Traveling to my parents' homeland soon and expecting potential proposals, I feel totally out of my depth. How do I handle this?
Hi everyone,
I’m 19, finished high school a year ago and I’m going to be traveling to my parents’ home country for an extended trip this year. I’m pretty sure this trip is going to lead to some marriage proposals as in my last trip, (where i was underage so i didnt agree but now im considering it if i find a fit) and honestly, I am feeling completely out of my depth.
To be clear: I don’t think I’m dumb, but I am incredibly inexperienced. I’ve never had the talk about what the courting process looks like. My family hasn’t really discussed it with me, and I’ve never had to navigate this before. Because of that, I’m feeling really anxious.
I’m also struggling with my own personality. I’m a very expressive person: I laugh, I make faces, I’m quite animated, and I cover my mouth when I giggle. I’m concerned that in this context, people might mistake my natural friendliness and warmth for flirting (which happens often) or worse, see me as not serious. I want to be respectful and professional during these meetings, but I also want to be myself and feel comfortable in my own skin.
I’m terrified that if I go into these meetings without knowing what to look for or how to act, I’ll come across as naive. I’m scared that if I don’t set the right tone from the beginning, I might be taken for granted or the dynamic might be skewed in a way that’s hard to fix later. I want to be respected and I want to make sure I’m asking the right questions, but I don't even know where to start.

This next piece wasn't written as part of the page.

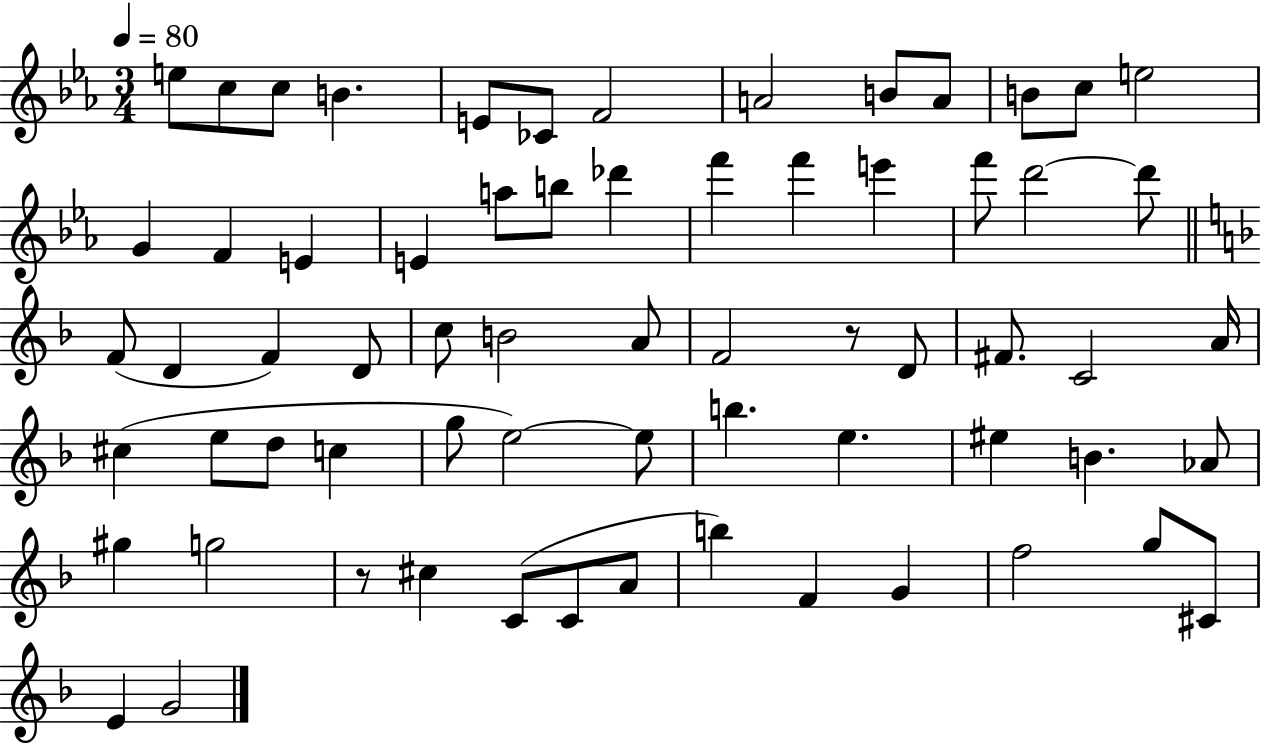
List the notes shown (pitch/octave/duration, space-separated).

E5/e C5/e C5/e B4/q. E4/e CES4/e F4/h A4/h B4/e A4/e B4/e C5/e E5/h G4/q F4/q E4/q E4/q A5/e B5/e Db6/q F6/q F6/q E6/q F6/e D6/h D6/e F4/e D4/q F4/q D4/e C5/e B4/h A4/e F4/h R/e D4/e F#4/e. C4/h A4/s C#5/q E5/e D5/e C5/q G5/e E5/h E5/e B5/q. E5/q. EIS5/q B4/q. Ab4/e G#5/q G5/h R/e C#5/q C4/e C4/e A4/e B5/q F4/q G4/q F5/h G5/e C#4/e E4/q G4/h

For those of you who have been through this, or who wish they knew better the first time around, could you give me some advice?
Specifically:
What should I actually be asking? What are the must ask questions that help you figure out if you're actually compatible, rather than just getting surface level answers?
How do I carry myself? How do I strike that balance of being polite and respectful, but also firm, intelligent, and serious?
What are the red flags? Are there specific behaviors or patterns I should look out for nowing it wont work long term?